Galvanized Fasteners

Perhaps the most critical choice made in the design of connections is how to protect the fasteners from corrosion. Hot-dip galvanizing delivers long-term, maintenance-free corrosion protection in a variety of exposure conditions. Whether used in atmospheric, concrete, soil, or fresh- or salt-water applications, hot-dip galvanizing delivers maximum service life. There will be no difficult field repairs and no labor and material costs normally associated with replacing unprotected fasteners.

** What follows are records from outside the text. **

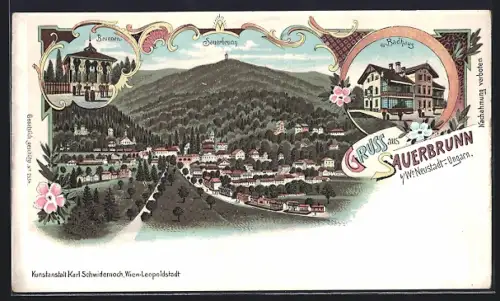 Lithographie Sauerbrunn, Brunnen und Ortsansicht
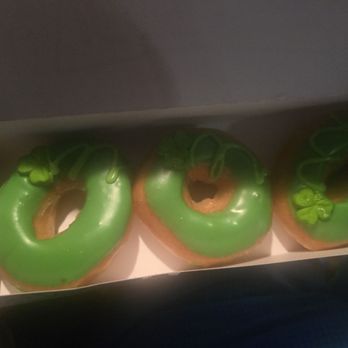 Krispy Kreme - Ice cold shooting shamrock which was all she said they had for $8 - Donuts Near Me - Snellville, Georgia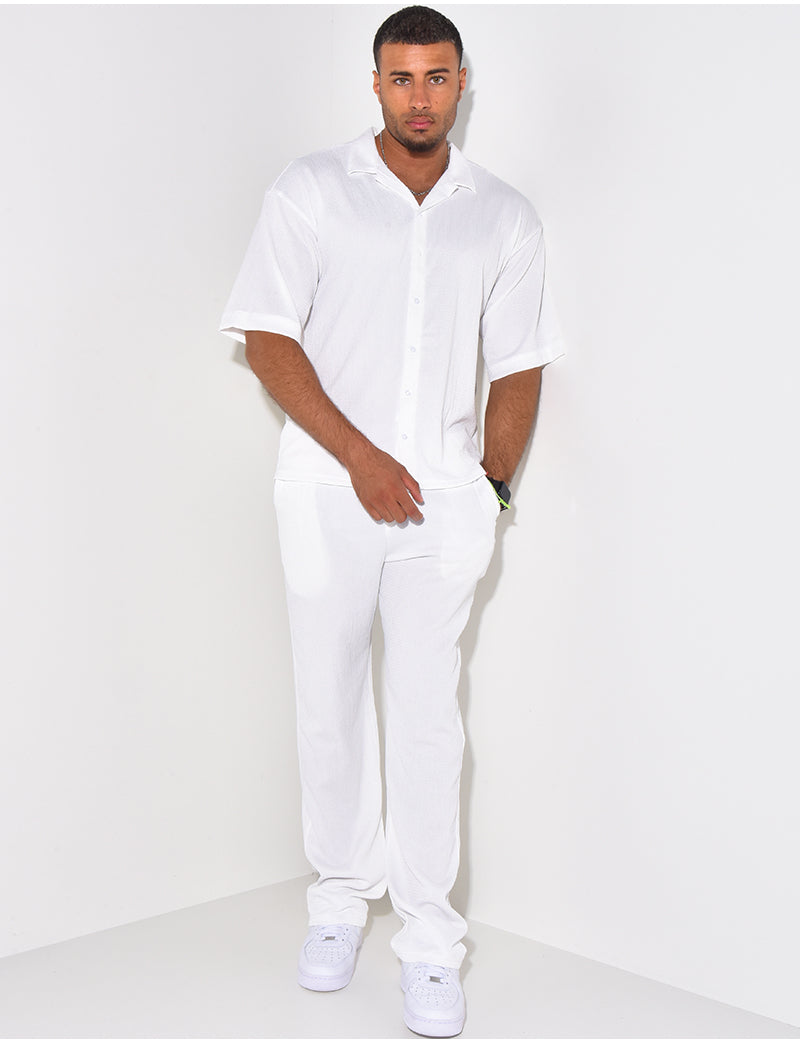 Ensemble pantalon et chemise texturé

Left unprotected, steel will corrode and suffer loss of mechanical properties and integrity that is very dangerous when it happens to fasteners. Hot-dip galvanizing prevents corrosion by coating steel with zinc. The galvanized coating is metallurgically bonded to the underlying steel, forming an impervious barrier between the steel substrate and the corrosive environment. The hot-dip galvanized coating also preferentially corrodes to protect the fastener’s underlying steel and is able to protect small areas of the fastener’s steel that may become exposed when mechanically damaged. Hot-dip galvanizing is the most effective method for delivering both long-term barrier protection and cathodic protection.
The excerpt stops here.